**EXERCISE AIM:** Print a faithful copy of the data below, word for word, with the pictures left out.

**RECORDS TO USE:**
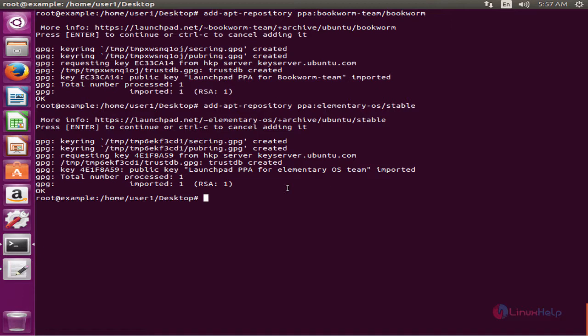Next run the apt-get update command to update the local repository index. Now give enter.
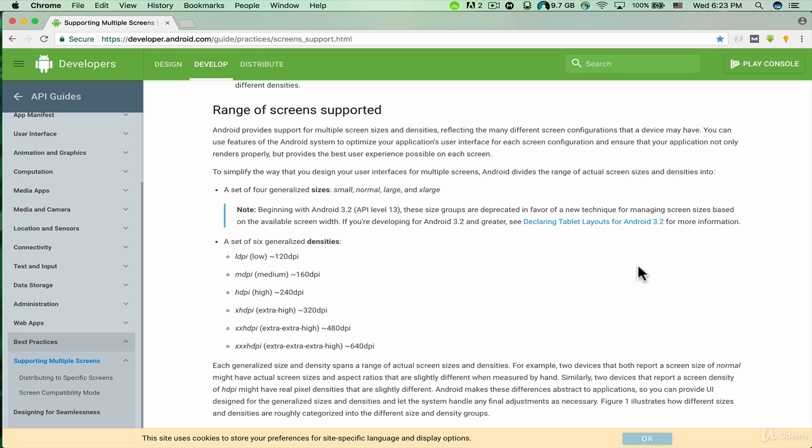Note: beginning with Android 3.2 API level 13, these size groups are deprecated in favor of a new technique for managing screen sizes based on the available screen width. If you are developing for Android 3.2 and greater, see 'Declaring Tablet Layouts for Android 3.2' for more information.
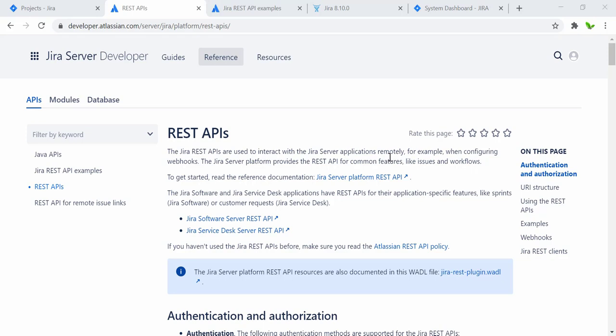Hi guys, how are you doing today? In this video we take a look at Jira REST API. We will look into the GET request as well as the POST request. For the GET request we will send a request to the Jira REST API to get information from each particular story or issue, while for the POST request we will use Postman to send a POST request to create Jira issues or stories.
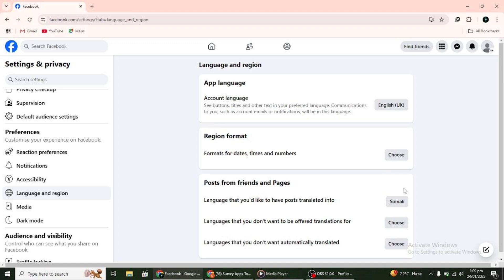That's it. You've now learned how to stop Auto-Translate on Facebook for both the mobile app and desktop versions.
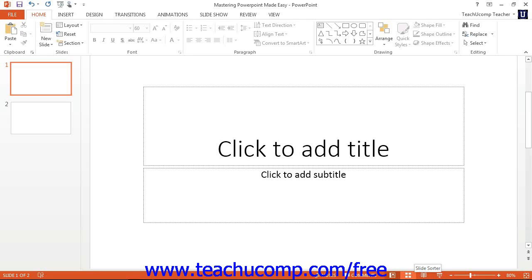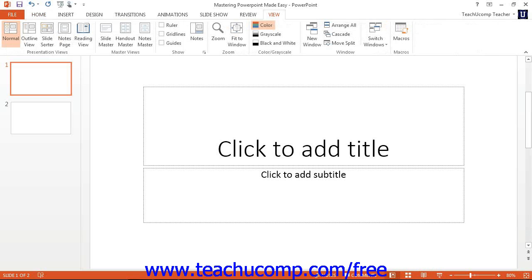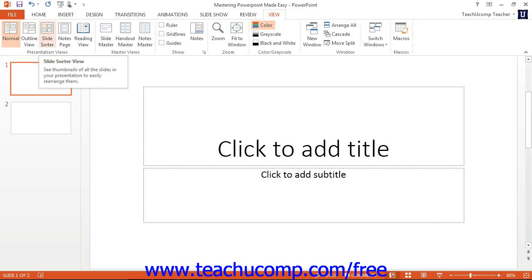Also note that you can select the View tab in the ribbon, and then click the command buttons that appear within the left section of the presentation views group to switch between the views of a presentation. This is simply an alternate way of switching between the presentation views.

**FINAL ANSWER:**
Next run the apt-get update command to update the local repository index. Now give enter.
Note: beginning with Android 3.2 API level 13, these size groups are deprecated in favor of a new technique for managing screen sizes based on the available screen width. If you are developing for Android 3.2 and greater, see 'Declaring Tablet Layouts for Android 3.2' for more information.
Hi guys, how are you doing today? In this video we take a look at Jira REST API. We will look into the GET request as well as the POST request. For the GET request we will send a request to the Jira REST API to get information from each particular story or issue, while for the POST request we will use Postman to send a POST request to create Jira issues or stories.
That's it. You've now learned how to stop Auto-Translate on Facebook for both the mobile app and desktop versions.
Also note that you can select the View tab in the ribbon, and then click the command buttons that appear within the left section of the presentation views group to switch between the views of a presentation. This is simply an alternate way of switching between the presentation views.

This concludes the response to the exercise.